ただ、本書でも述べられていますが、大量のデータから特徴を抽出したりしても、そこから目的を果たすためにどうすればよいかが最終的に重要で、必ずしもビッグデータである必要もないし、サンプリングの条件や変数の間の相関などを注意しなくては、誤った結論を導きだしてしまうこともある。
だからこそ、計測値やそれらから導かれる推定値の精度、さまざまな制約下でより良い結論をより早く導く統計学の正しい理解が重要。

データ分析に必要となる統計的内容は一通り書かれ、サンプルのランダム化や変数の独立性が十分でないと、得られた数値から誤った結論を導くことになってしまう場合についても説明されていて、結果はその取得のしかたや精度について、慎重に読み解く必要があることも含めて、統計でこんなことができるのかとか、このような分析をするのかといったことがわかる本だと思います。

一般向けの本なので、統計学のエッセンスについても、極力イメージがつかめるように書かれています。それでも、理系大学を出ていたり、文系分野でも統計を一度は学んだりしたことがなければ、理解は少し難しいのではないかと思いました。

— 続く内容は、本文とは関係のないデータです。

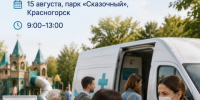 Жители Красногорска смогут провериться на рак кожи в парке «Сказочный» в субботу   - Городской округ Красногорск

実際に統計分析をしたいと思えば、いまではツールもいろいろ出ていて、データを入れれば何かしら答えが出てしまい、新たな知見を得た気がしてしまいがちなことが多いと思います。
統計的にデータを分析するときの制約からくる注意点について、もっと例を増やしたり冗長になっても説明を繰り返してあれば、さらに良かったように思いました。